Stop treating sine/cosine/round as target intrinsics on x86. #7023

pgavlin · 2016-09-01T13:05:47Z

These intrinsics were supported by JIT32 using the corresponding
x87 instructions. There are a few downsides to doing the same in
RyuJIT, however, because it uses SSE for all other floating-point
math:

The mix of precisions used by the combination of SSE + x87
instructions matches neither the JIT32 nor the RyuJIT/x64
behavior.
Using the x87 instructions is more expensive, as the result of
the instruction may need to be moved via memory to an SSE
register.
The RA would need to be udpated in order to better understand
that each x87 instruction may require a spill temp in order to
retrieve the result.

Issue #7097 tracks investigating a custom calling convention for
the appropriate helper calls if necessasry.

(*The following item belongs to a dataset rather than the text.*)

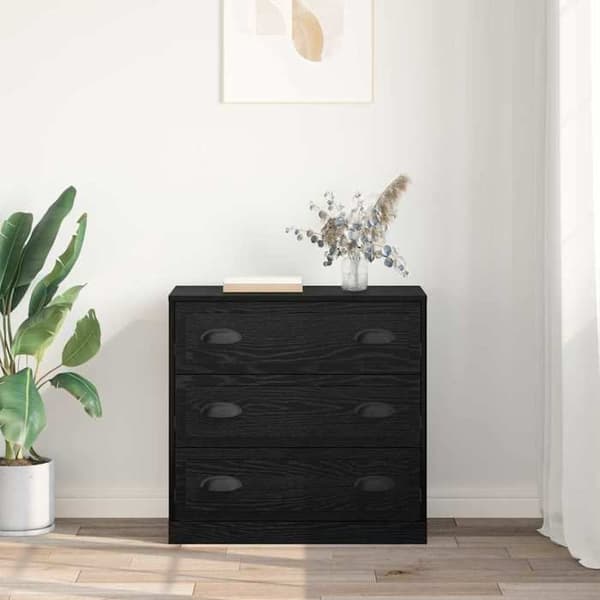 Maison Exclusive - Buffet Sort egetræ 70 x 35,5 x 67,5 cm Ingeniørtræ svart ek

pgavlin · 2016-09-01T13:06:44Z

@dotnet/jit-contrib @CarolEidt @BruceForstall PTAL

CarolEidt · 2016-09-01T15:28:44Z

src/jit/lsra.cpp

@@ -2641,6 +2644,26 @@ regMaskTP LinearScan::getKillSetForNode(GenTree* tree)
            }
            break;

+#ifdef _TARGET_X86_
+        case GT_INTRINSIC:
+            if (compiler->compFloatingPointUsed)

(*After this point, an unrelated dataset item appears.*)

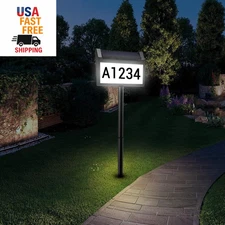House Number Sign,  LED Illuminated Outdoor Address Plaque with Smart Control, 3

Minor question - why did you add this check; does it really add value?

This is the same check performed above at line 2603: https://github.com/dotnet/coreclr/pull/7023/files#diff-93fb9832a03a9783e2a415b581fcb45cL2603. I don't think it's necessary, so I'm happy to remove it.

It's your call; I don't feel strongly about it.

CarolEidt · 2016-09-01T15:36:31Z

mikedn · 2016-09-01T16:19:27Z

Wouldn't be better to just do what x64 is doing (helper calls)? What we'll get now is neither the old JIT32 bit behavior (due to the use of SSE in the new JIT32) nor the x64 behavior (due to the use of x87 intrinsics in the new JIT32). Now that both x86 and x64 are using SSE it would be better to use the same transcendental math helpers to avoid precision differences between platforms.

pgavlin · 2016-09-01T16:47:42Z

@mikedn: that's a fair point. Depending on the calling convention for the helpers, we may even get better codegen out of them. @dotnet/jit-contrib thoughts?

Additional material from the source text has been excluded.